(Stored items from a collection)
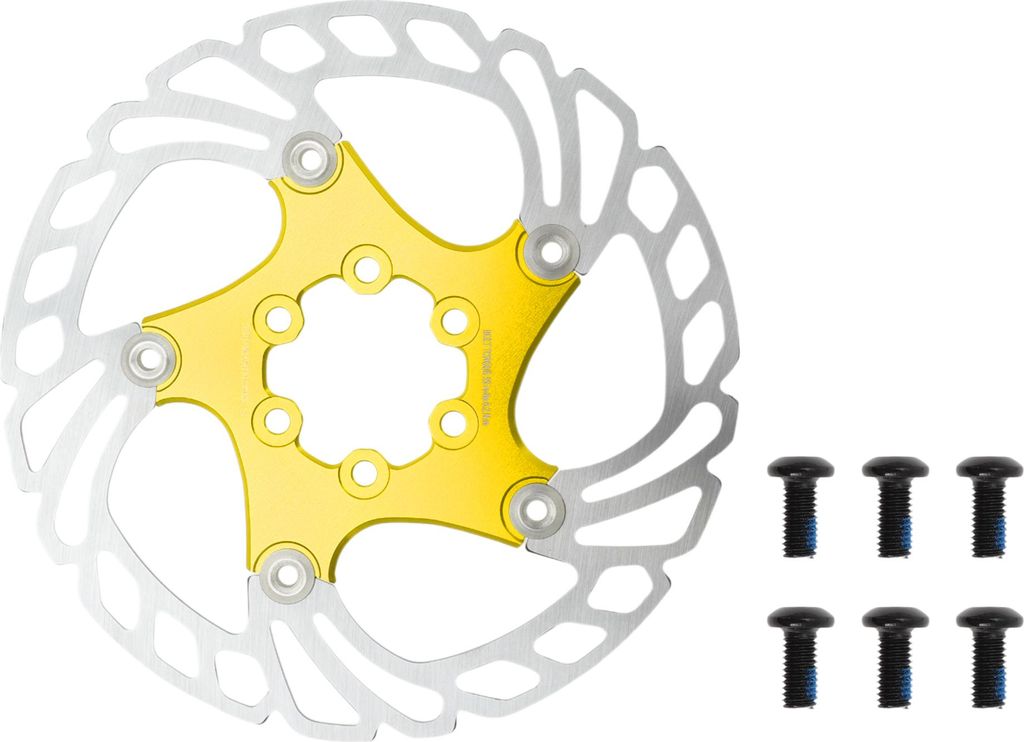 1 Satz Fahrrad-Bremsscheibe, 160mm Fahrrad-Bremsscheibe mit 6 Bolzen, Fahrrad-Schwimmscheibenbremsscheibe für Mountain Road E-Bike, Goldton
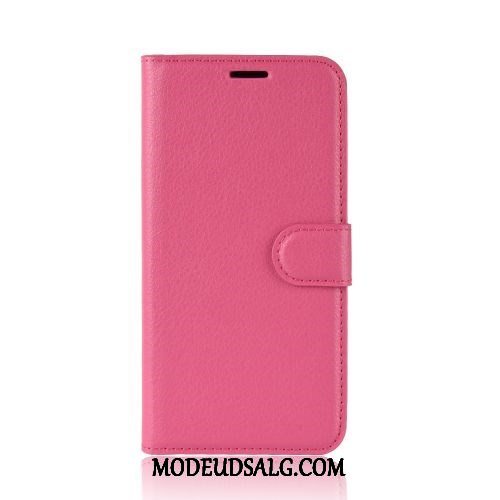 Moto E6 Plus Etui Lædertaske Support Cover Folio Litchi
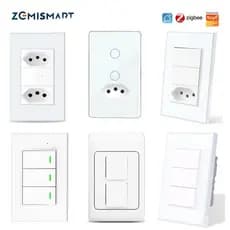 zemismart Tuya Interruptor De Luz/Soquete De Parede Com , Botão Inteligente Siri Alexa Google Home Controle De Voz Zigbe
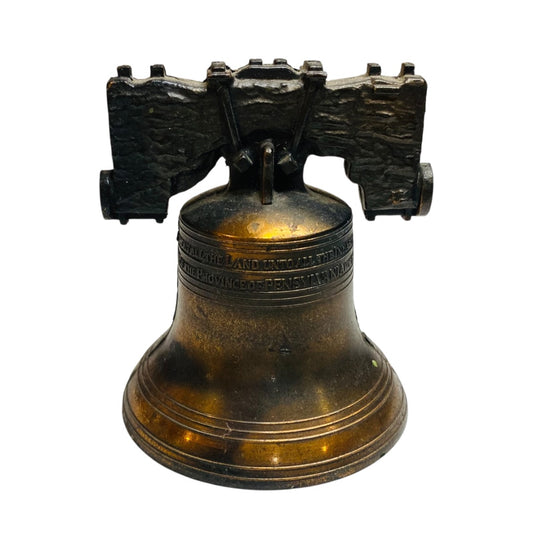 Bronze Metal Diecast Liberty Bell Souvenir Philadelphia PA 2.5"h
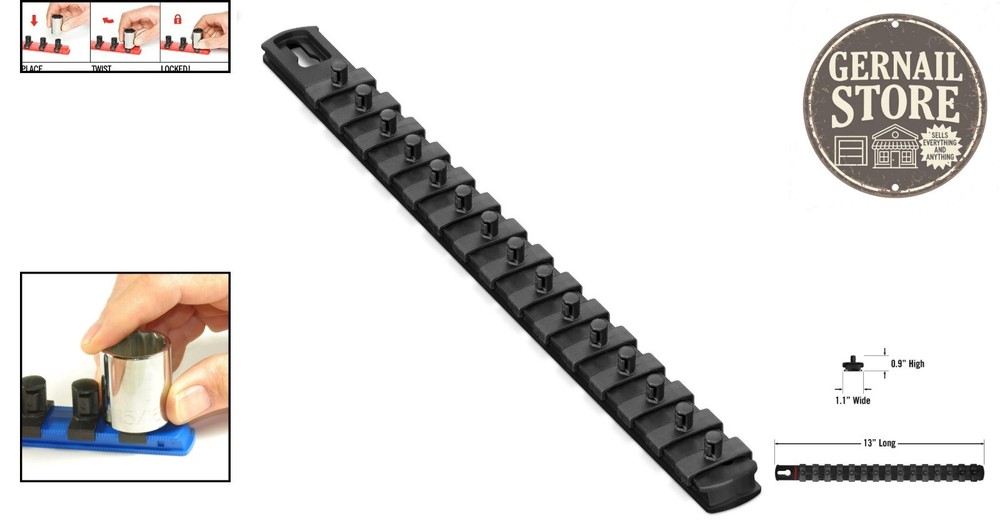 Ernst 13-Inch Socket Rail Organizer with 15 Twist Lock Clips – Secure & Compact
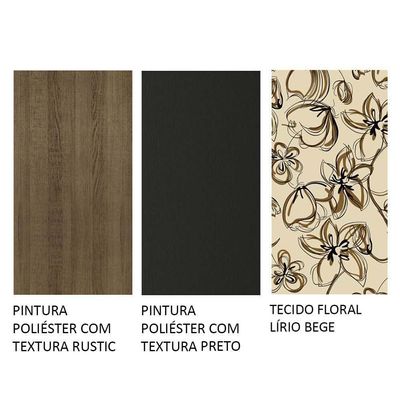 Conjunto Sala De Jantar Mesa Tampo De Madeira 4 Cadeiras Rustic/preto/lírio Bege Samara Madesa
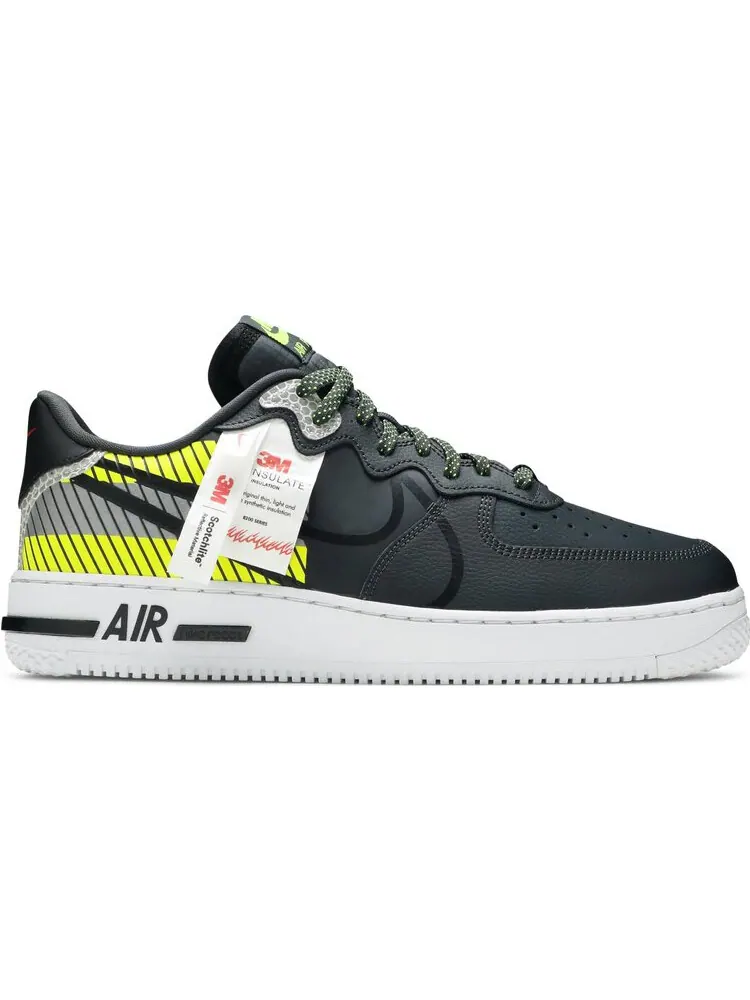 Кроссовки Nike 3M x Air Force 1 React LX 'Anthracite Volt' — изображение 1 из 8, черный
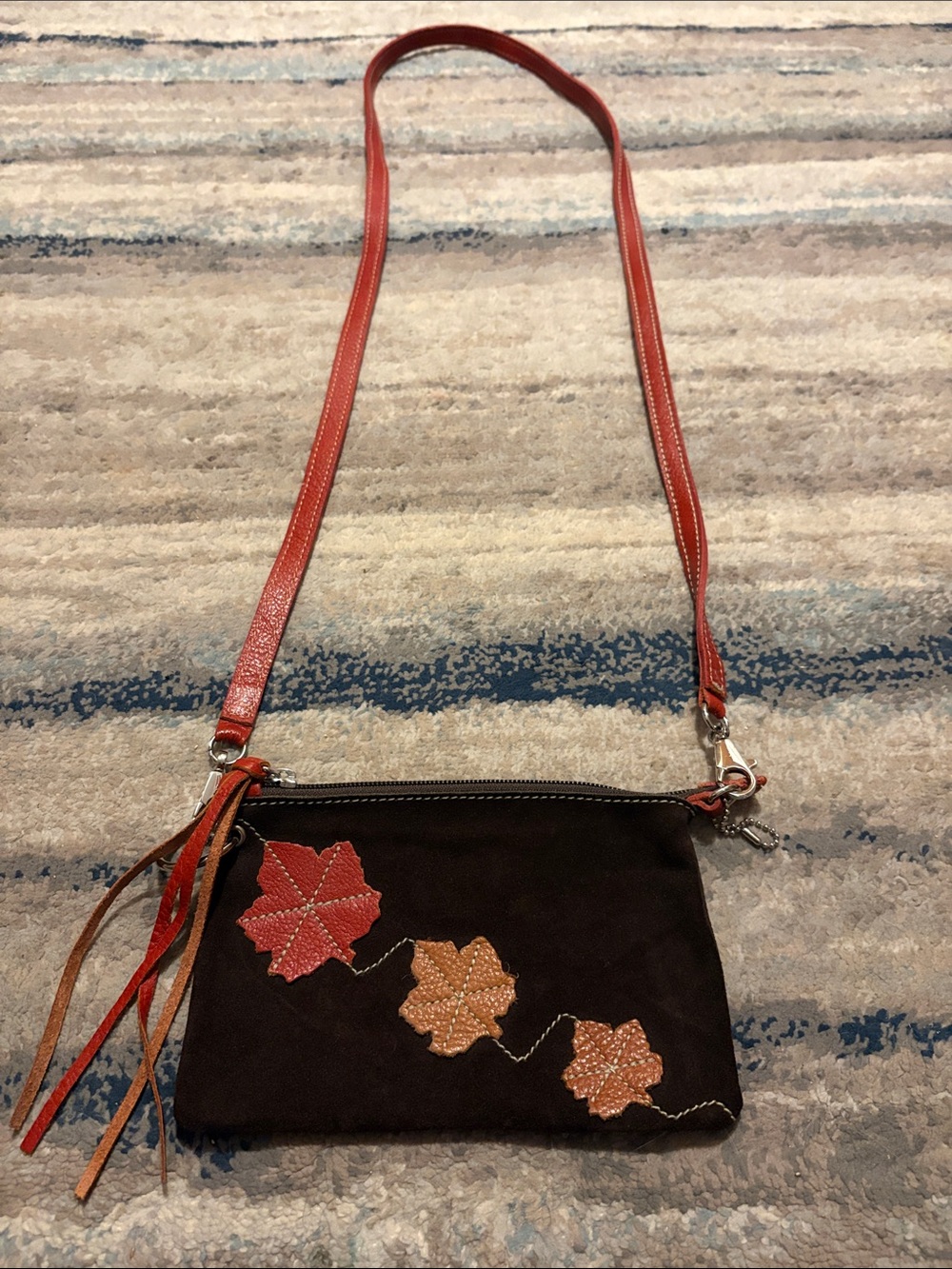 Adorable Roots Suede Leather Leaf crossbody bag with fringe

What the task requires
Return the entries unchanged, save for the pictures, which do not belong in the copy.

Task solution
 1 Satz Fahrrad-Bremsscheibe, 160mm Fahrrad-Bremsscheibe mit 6 Bolzen, Fahrrad-Schwimmscheibenbremsscheibe für Mountain Road E-Bike, Goldton
 Moto E6 Plus Etui Lædertaske Support Cover Folio Litchi
 zemismart Tuya Interruptor De Luz/Soquete De Parede Com , Botão Inteligente Siri Alexa Google Home Controle De Voz Zigbe
 Bronze Metal Diecast Liberty Bell Souvenir Philadelphia PA 2.5"h
 Ernst 13-Inch Socket Rail Organizer with 15 Twist Lock Clips – Secure & Compact
 Conjunto Sala De Jantar Mesa Tampo De Madeira 4 Cadeiras Rustic/preto/lírio Bege Samara Madesa
 Кроссовки Nike 3M x Air Force 1 React LX 'Anthracite Volt' — изображение 1 из 8, черный
 Adorable Roots Suede Leather Leaf crossbody bag with fringe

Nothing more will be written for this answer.